3. It is always best not to bring up religion or politics, especially with the older generation.
-ie. a.) “I shouldn’t have to say grace. It is inconsiderate to assume everyone at this table is religious”(although this is true, nobody cares, and you will get slapped upside the head, and/or, glared at for the entire meal)
b.) Grandma - i’m really excited to see the liberals win the election.
Uncle- they will put us in a deficite. Conservatives need to be in power.
Cousin- the conservatives are power hungry, money grubbers, the NDP are the only party that actually stands for the people.

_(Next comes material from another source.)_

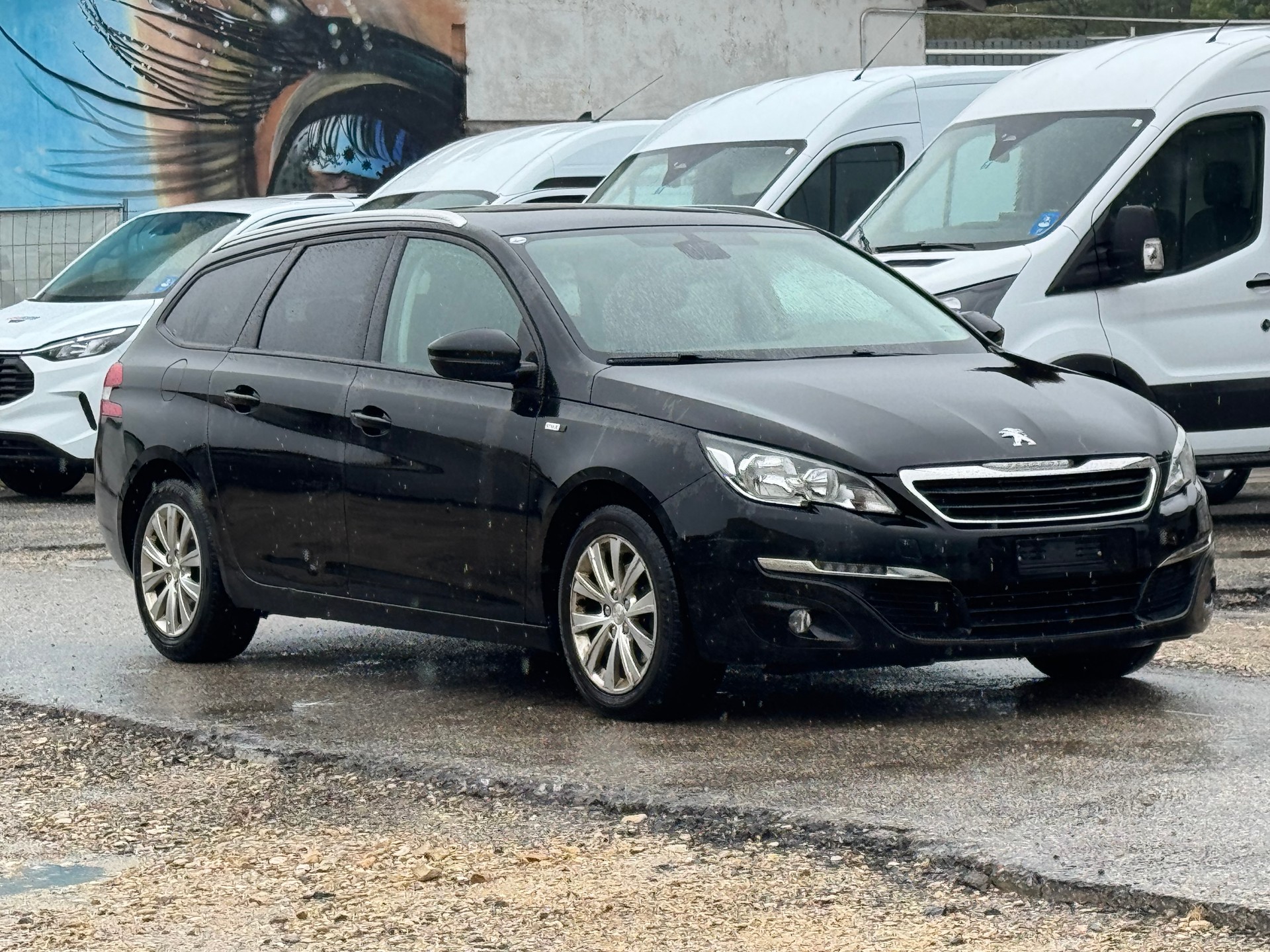 PEUGEOT 308 SW 1.2 THP Style Automatic-image-2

Sister- The green party is nice.
*full on brawl*
4. Do not get involved when people are fighting over who’s recipe is better. If you are directly asked deflect the conversation to another food related topic. ( “Is something burning?”or, “We should have duck next year.”)Jazz hands and slowly walking backwards out of the room also works really well.
5. Do not wrestle with any child under 5, the magnets in their head will pull directly to any hard, sharp-edged surface, resulting in no-one talking to you for the rest of the day.
6. Teaching younger kids inappropriate Christmas song adaptations, is surprisingly frowned upon.